Tuesday, January 30, 2007
Interesting editorial in the Wall Street Journal: The "Tax Gap" Myth:
When something sounds too good to be true, it usually is. So now is an apt time to deconstruct the much-discussed "tax gap," that mythical golden goose that the Beltway political class is counting on to fund its spending agenda. ...
The "tax gap" is the difference between what the IRS thinks taxpayers should be paying and what it collects. The IRS currently estimates this at about $290 billion a year. Ask any Congressional chairman how he intends to close the deficit, expand the Medicare drug benefit, reform the Alternative Minimum Tax or subsidize college education, and the answer is invariably "close the tax gap."
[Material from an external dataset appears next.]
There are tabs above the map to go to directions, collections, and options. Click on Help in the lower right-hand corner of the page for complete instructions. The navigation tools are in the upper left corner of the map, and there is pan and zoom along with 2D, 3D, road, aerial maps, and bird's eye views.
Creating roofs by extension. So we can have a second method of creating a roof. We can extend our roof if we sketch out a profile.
There is a better way. The more complicated a tax system, the more likely taxpayers won't understand, or will try to dodge, the rules. Simple tax regimes, such as a single flat rate, encourage compliance and efficiency, not to mention economic growth. This has been the experience of many Eastern European countries after they imposed a flat tax, and the U.S. had similar jumps in reported tax income from "the rich" following the 1986 tax reform that cut rates and closed loopholes.
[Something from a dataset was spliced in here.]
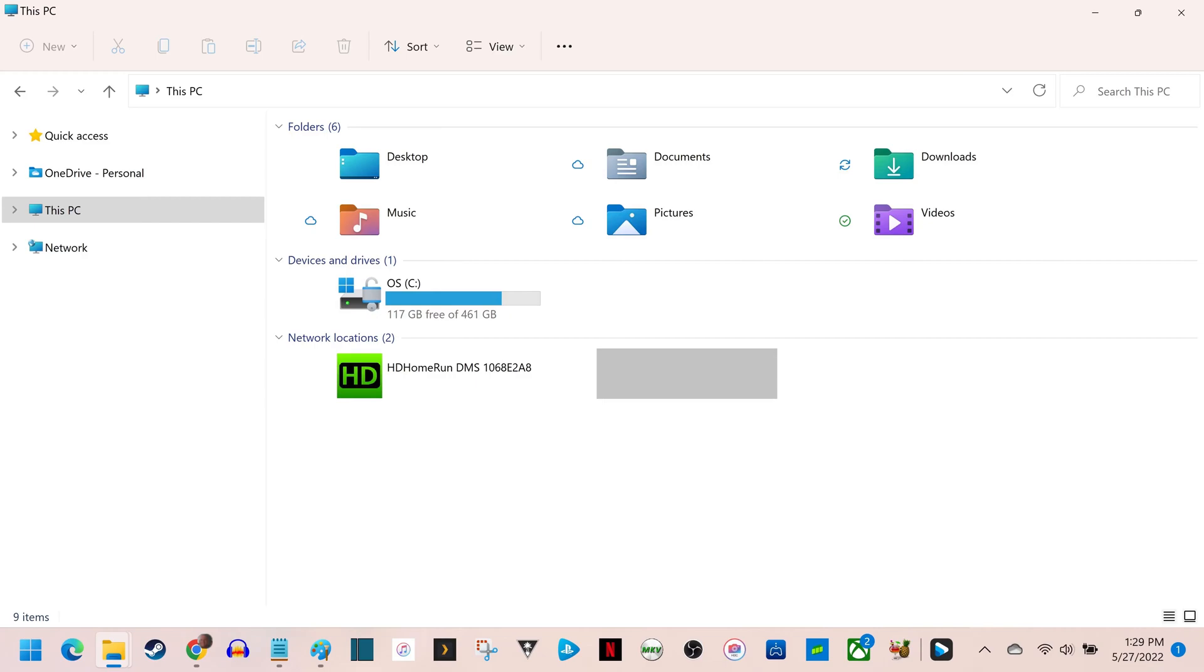Step 1. Launch the File Explorer on your Windows 11 computer. You'll land on the This PC screen.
At least a few "tax-gap" critics in Washington are beginning to understand all this. Messrs. Baucus and Grassley have started pairing the "tax gap" problem with the need to eliminate or simplify the Alternative Minimum Tax -- which is hitting more and more Americans. House Ways and Means Chairman Charlie Rangel has also said that fixing the AMT might require "a look at the whole tax code." Could it be that even Washington is beginning to understand that fixing the tax mess means starting over?